Implemented automatic node-failover
We have implemented a fully automated system on our backup server that will start our backup node once the system determines that the main node is no longer reachable.
Since March 2019 we have had a backup server ready, but in case of a failure of the main node (mainly due to internet or power failures), we had to manually start the backup node in case of need. This of course introduces a delay between the discovery of the event until the backup node is up and running.
We thought there must be a better way, and coded a system to fully automate the checking, starting and stopping of the node.
Our main LTO node is checked every 2 minutes to see if it is still available. If the system determines it is not available, a last check will be performed 1 minute later. If the main node is still not available, the backup node is started. The time to start the backup node and for this node to be available on the LTO network takes less than a minute*).
The system will check every 2 minutes if our main node is available again. If it is, the backup node will be stopped, so our main node will be the one node mining again.

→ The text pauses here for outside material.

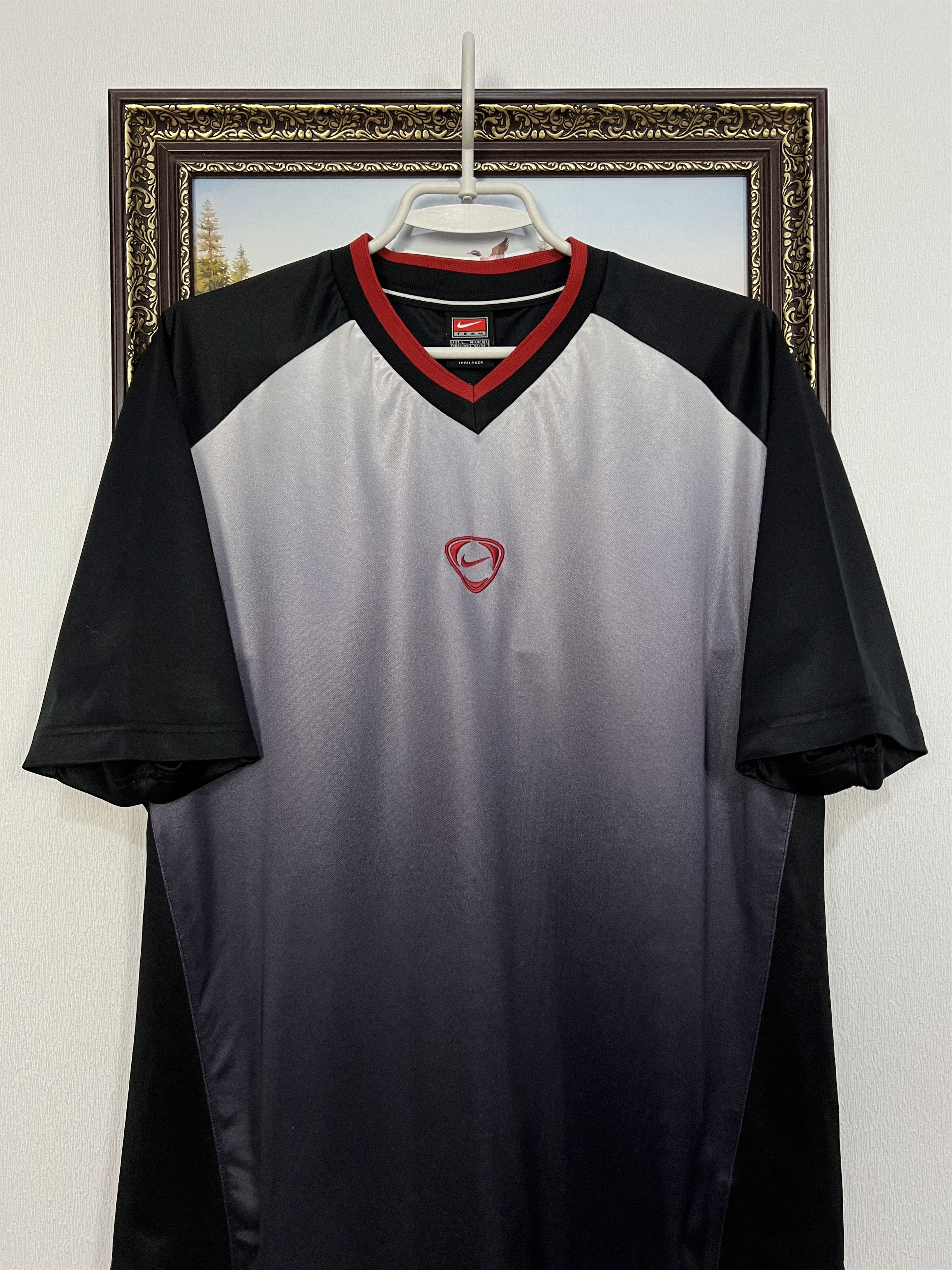 Nike Vintage Nike Tiemo Center Logo Football Template Shirt Tee Size US L / EU 52-54 / 3 - 2 Thumbnail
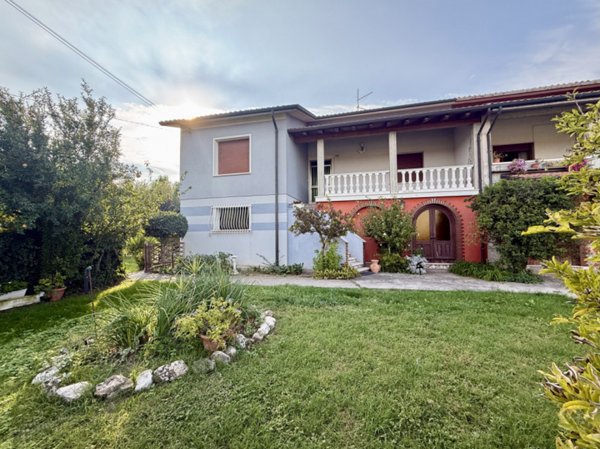 casa indipendente in vendita a Terrazzo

Our monitoring service cannot be automatically switched over from main node to backup node, so we had to try and implement a work-around. After some testing it looks we have managed to come up with a solution. It does mean we had to start a new monitor Jun-06-2020.
As you can see from our implementation above, when our main server is unreacheble, the maximum 'down time' would be approximately 4 minutes.
*) We keep a synchronized copy of the LTO blockchain on both of our servers.